Tom Moreira Leite, presidente da ABF e do Grupo Trigo, e Decio Pecin, vice-presidente da entidade e CEO do CNA+, destacam a importância da escuta ativa, da humildade e do relacionamento entre franqueadores e franqueados na construção de cultura de marca e de redes sustentáveis
Encerrando a 1ª Convenção Nacional de Franqueados ABF, o painel “Cultura de Alta Performance” reuniu Tom Moreira Leite, presidente da ABF e do Grupo Trigo, e Decio Pecin, vice-presidente da entidade e CEO do CNA+, em uma conversa mediada por Cristy Martins, diretora de Franqueados da ABF. Na abertura do debate, Cristy destacou que as duas redes representam exemplos de “comprometimento genuíno com a cultura da marca e de relacionamento consistente com seus franqueados”.
Ao refletir sobre os diversos cases apresentados ao longo da Convenção, Tom ressaltou um elemento comum entre os empreendedores de sucesso: as pessoas. “Tivemos a oportunidade de ver no palco vários franqueados de sucesso de diferentes segmentos. Nenhum deles deixou de falar de time. Todo empresário de sucesso tem cuidado com o time de uma forma natural”, afirmou.
Para ele, a construção de redes de alta performance depende da capacidade de desenvolver uma escuta ativa entre todos os participantes do sistema. “Existe uma questão de humildade intelectual que não tem a ver com contrato ou posição hierárquica. Os franqueados que se sentem à vontade para contribuir acabam tirando o melhor do Grupo Trigo”, disse.
Decio Pecin apresentou quatro pilares para a construção de organizações de alta performance:
- Acreditar no negócio e no modelo;
- Compreender que o que trouxe a empresa até o presente não necessariamente a levará ao futuro;
- Executar com excelência;
- Cultivar a humildade.
Segundo o vice-presidente da ABF, gerar valor para quem está na outra ponta da relação é uma responsabilidade compartilhada entre franqueadores e franqueados. “Se eu acredito e entendo o negócio, preciso executar e trazer mais valor para quem está na outra ponta. O franqueador também executa muito e precisa ter excelência na execução, mas, para executar de forma diferente, precisamos ter a excelência da humildade”, afirmou.
Os executivos também compartilharam desafios enfrentados em suas redes e defenderam o diálogo como ferramenta essencial para a evolução dos negócios. Pecin contou que, em seus encontros com os franqueados do CNA, costuma fazer um convite direto: “Fale onde dói”.
Já Tom destacou a importância da transparência e da diligência na escolha de uma franquia. “Se eu fosse adquirir uma franquia, procuraria entender a saúde financeira da rede, como acontece o processo de decisão e faria uma due diligence.
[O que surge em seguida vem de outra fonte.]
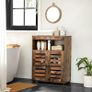 _Bathroom cabinet, bathroom cabinet, 60 x 30 x 80 cm, storage cabinet, lamellar doors, open compartment, adjustable shelf level, vintage brown Image 2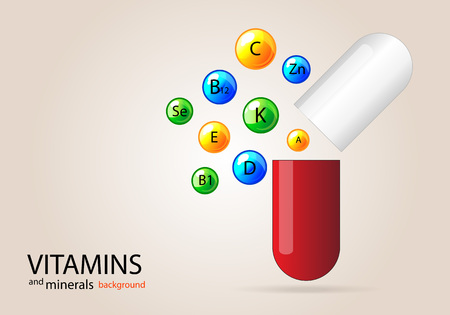 vitamins and minerals medical background. Health theme.のイラスト素材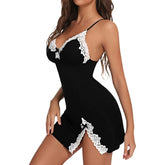 Deep V Bow Side Slit Slim Suspender Nightdress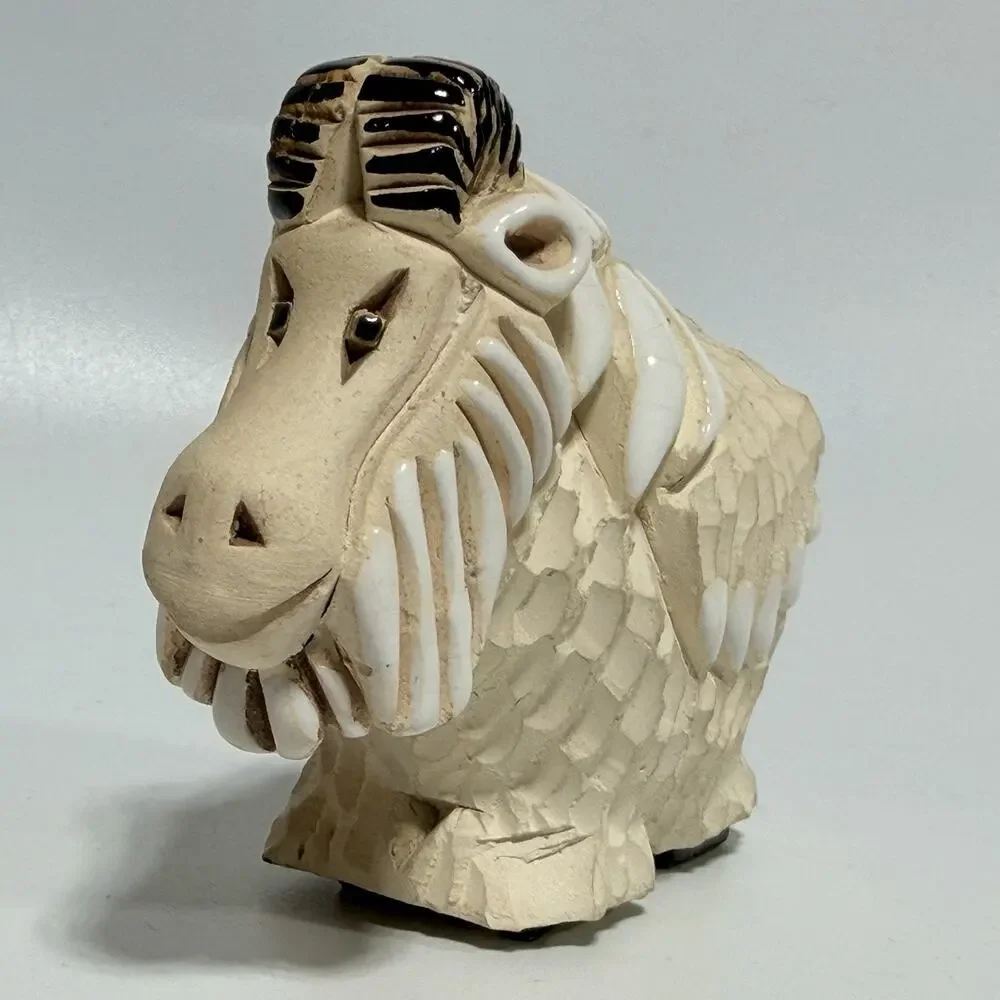 Vtg Artesania Rinconada White Mountain Goat Art Pottery Figurine 3.5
Mas, sobretudo, não assinaria um contrato sem antes conversar com os franqueados da rede”, recomendou.
O presidente também alertou: “Franqueador que depende apenas da taxa de franquia para fechar as contas é, para mim, um sinal amarelo da saúde financeira do negócio”.
Ao final, ambos os executivos reforçaram que os indicadores mais importantes nem sempre são os mais fáceis de mensurar. “Não é fácil mostrar o ROI [“Retorno sobre Investimento” em inglês]. Aliás, tudo que tem valor não tem preço”, afirmou Pecin.
Tom encerrou ressaltando a centralidade das relações humanas na liderança: “Eu não me guio por indicadores de vaidade. Eu gosto de gente. Meu maior prazer na ABF e no Grupo Trigo é o relacionamento com as pessoas”.